It’s important to understand that the Random.int function itself doesn’t generate a random number. It returns a generator which can be passed to other functions such as step that will in turn ask that generator to produce the actual random numbers.

Think of a generator as a recipe for generating certain types of random values. So Random.int 0 100 describes how to create a recipe for generating integers between 0 and 100. Similarly, Random.float 0 1 describes how to create a recipe for generating floating-point numbers between 0 and 1.

Next, we’ll capture the new seed returned by the step function so that we can use it to generate a different random number.

> result = Random.step (Random.int 0 100) seed0
(35,Seed 1195359672 1013904223)
    : ( Int, Random.Seed )

> randomNumber = Tuple.first result
35 : Int

> newSeed = Tuple.second result
Seed 1195359672 1013904223 : Random.Seed

Now, we’re ready to generate a new random number.

> Random.step (Random.int 0 100) newSeed
(91,Seed 3342525879 1013904223)
    : ( Int, Random.Seed )

This time we got 91 as the new number. Last time it was 35. The numbers inside the Seed type also changed. If those numbers didn’t change we would get the same random number again and again. What this means is that Random.step is a pure function and doesn’t generate any side effects. It returns the exact same output given the same input.

Generating Random Numbers with Side Effects

The process of manually providing seed values, as we’ve done so far, has some drawbacks. First, it is cumbersome. Second, it makes the random number sequence predictable. Elm provides a way to get rid of these hurdles by picking an unpredictable initial seed value by default. It does so by using the current time generated by a real-time clock embedded in our computers to produce seed values.
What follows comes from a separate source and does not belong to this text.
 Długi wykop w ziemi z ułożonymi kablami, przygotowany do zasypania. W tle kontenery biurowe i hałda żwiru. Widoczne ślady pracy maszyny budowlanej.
As soon as we transfer the responsibility of picking the initial seed value to the Elm runtime, the random number generation process causes side effects. To get the initial seed value, it has to now interact with a real-time clock, which is part of the outside world. This is where commands come in handy.
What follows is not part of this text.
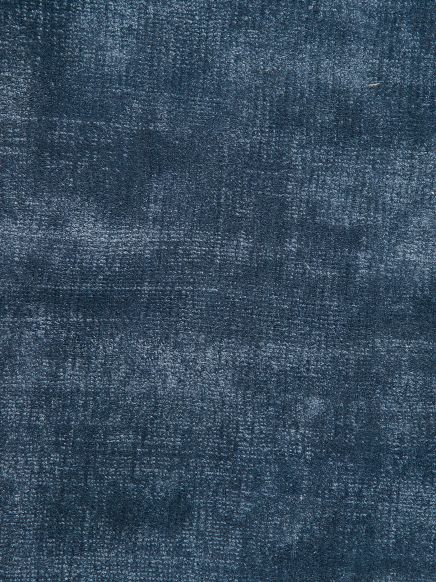 Blauer Teppich zeigt unregelmäßige, strukturierte Muster auf samtiger Oberfläche.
To generate random numbers with side effects we need to follow the Elm Architecture. It’s hard to write a full fledged program in repl, so we’ll create a new file called RandomNumber.elm in the beginning-elm/src directory.

Model

The first thing we need to define is our model. Add the following code to RandomNumber.elm.

module RandomNumber exposing (Model)


type alias Model =
    Int

All we need to keep track of here is a number. The above model looks exactly like the one we defined for the counter app in Model View Update - Part 1. Next, we need to create an initial model. Add the following code to the bottom of RandomNumber.elm.

init : ( Model, Cmd msg )
init =
    ( 0, Cmd.none )

When commands are involved, the code for initializing our model becomes a little more complex. In the counter app, all we had to do was return an integer as shown below.

initialModel : Model
initialModel =
    0

Let’s go through each change one by one.

Change #1: The function name changed from initialModel to init since we’re doing more than just initializing a model.
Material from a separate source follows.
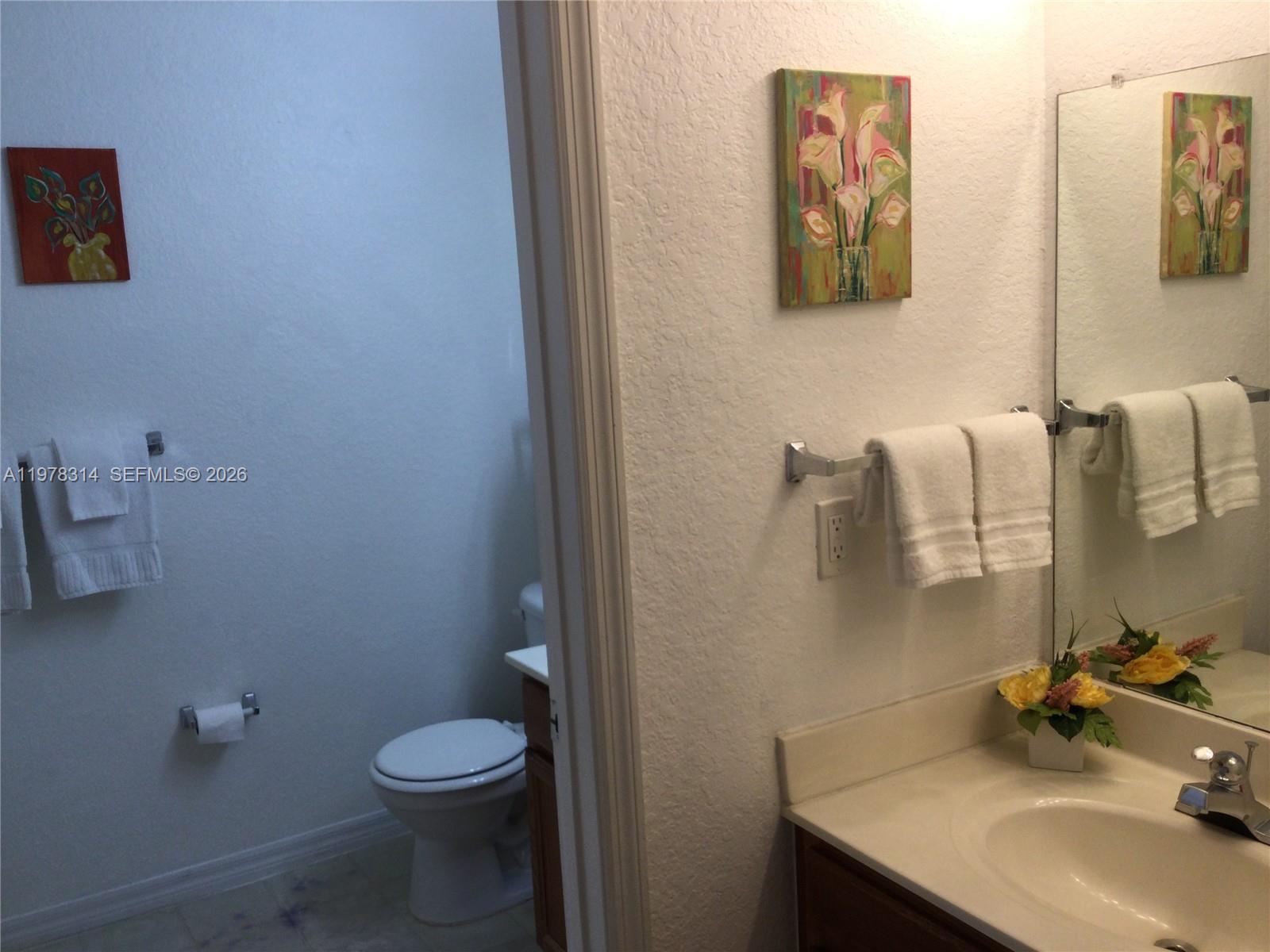 4601 Yellowgold Road West, Unit B8104 Kissimmee, FL 34746 - Photo 10 of 16 a bathroom with a sink toilet and mirror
Change #2: The init function now returns a tuple. The first element represents the model and the second element represents commands. In addition to providing an initial value for the model, we need to tell the runtime what commands to run when the app is being loaded. Since we don’t want to run any commands during initialization, we simply return Cmd.none. The Cmd type represents commands in Elm. It’s defined in the Platform.Cmd module. none is a constant which returns an empty list of commands. It’s also defined in the Platform.Cmd module.

Let’s say when our app is launched we need to restore its state from a remote server which lies outside the boundary of our app. In this scenario, we need to rely on the Elm runtime to retrieve the state by returning a command from init.

Change #3: The type annotation has also changed to init : ( Model, Cmd msg ). We already know what Model is. Cmd msg means a command that will notify our app with results by sending messages of type msg. msg is just a type variable, so it doesn’t represent a concrete type. Later in this section, we’ll define a type called Msg to be more specific about which messages our app can accept.

View

Next, we need to present the initial model to the user. Add the following code to the bottom of RandomNumber.elm.

view : Model -> Html msg
view model =
    div []
        [ button [] [ text "Generate Random Number" ]
        , text (String.fromInt model)
        ]

Our view is very simple. All we’re displaying is a button and the string representation of a random number. We also need to import the Html module in RandomNumber.elm.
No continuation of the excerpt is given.